■ EXERCISE AIM
For the entries below, report the number of lines containing "Dress", without any other content.

■ MATERIAL SHOWN
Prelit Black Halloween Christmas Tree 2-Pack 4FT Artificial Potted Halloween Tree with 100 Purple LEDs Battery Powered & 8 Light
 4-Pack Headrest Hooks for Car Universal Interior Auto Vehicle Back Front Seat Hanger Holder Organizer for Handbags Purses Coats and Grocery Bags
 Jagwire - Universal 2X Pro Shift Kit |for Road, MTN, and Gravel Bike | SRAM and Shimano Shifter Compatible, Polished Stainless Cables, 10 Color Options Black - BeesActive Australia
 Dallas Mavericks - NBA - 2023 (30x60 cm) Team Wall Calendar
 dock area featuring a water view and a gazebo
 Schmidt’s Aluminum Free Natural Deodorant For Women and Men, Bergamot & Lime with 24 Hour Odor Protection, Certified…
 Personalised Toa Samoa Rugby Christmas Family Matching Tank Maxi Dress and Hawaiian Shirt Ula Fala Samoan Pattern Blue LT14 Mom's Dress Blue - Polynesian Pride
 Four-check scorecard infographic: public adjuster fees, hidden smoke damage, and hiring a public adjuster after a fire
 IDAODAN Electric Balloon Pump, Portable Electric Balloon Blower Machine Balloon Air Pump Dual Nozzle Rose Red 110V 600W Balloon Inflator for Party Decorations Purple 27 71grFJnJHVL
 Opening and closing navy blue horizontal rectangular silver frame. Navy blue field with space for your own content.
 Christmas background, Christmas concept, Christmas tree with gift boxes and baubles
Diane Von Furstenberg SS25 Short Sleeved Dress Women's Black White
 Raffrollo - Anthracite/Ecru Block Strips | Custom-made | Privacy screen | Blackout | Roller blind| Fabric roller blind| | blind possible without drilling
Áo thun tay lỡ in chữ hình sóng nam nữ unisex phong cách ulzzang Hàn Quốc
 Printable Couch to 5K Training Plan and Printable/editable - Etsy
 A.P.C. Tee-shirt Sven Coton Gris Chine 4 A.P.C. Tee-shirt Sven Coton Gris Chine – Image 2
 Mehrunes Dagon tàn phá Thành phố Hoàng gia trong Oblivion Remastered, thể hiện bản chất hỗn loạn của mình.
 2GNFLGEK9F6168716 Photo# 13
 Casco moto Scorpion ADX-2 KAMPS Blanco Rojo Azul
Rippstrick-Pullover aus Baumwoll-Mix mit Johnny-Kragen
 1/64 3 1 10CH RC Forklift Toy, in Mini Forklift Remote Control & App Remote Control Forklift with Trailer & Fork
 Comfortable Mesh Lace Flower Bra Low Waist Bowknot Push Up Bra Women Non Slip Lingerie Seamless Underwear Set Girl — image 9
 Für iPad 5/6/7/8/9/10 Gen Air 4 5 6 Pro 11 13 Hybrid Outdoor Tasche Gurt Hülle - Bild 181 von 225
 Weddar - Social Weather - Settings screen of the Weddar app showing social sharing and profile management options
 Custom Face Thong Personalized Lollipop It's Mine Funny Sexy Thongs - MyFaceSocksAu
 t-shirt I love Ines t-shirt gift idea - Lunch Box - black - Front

■ REPLY
2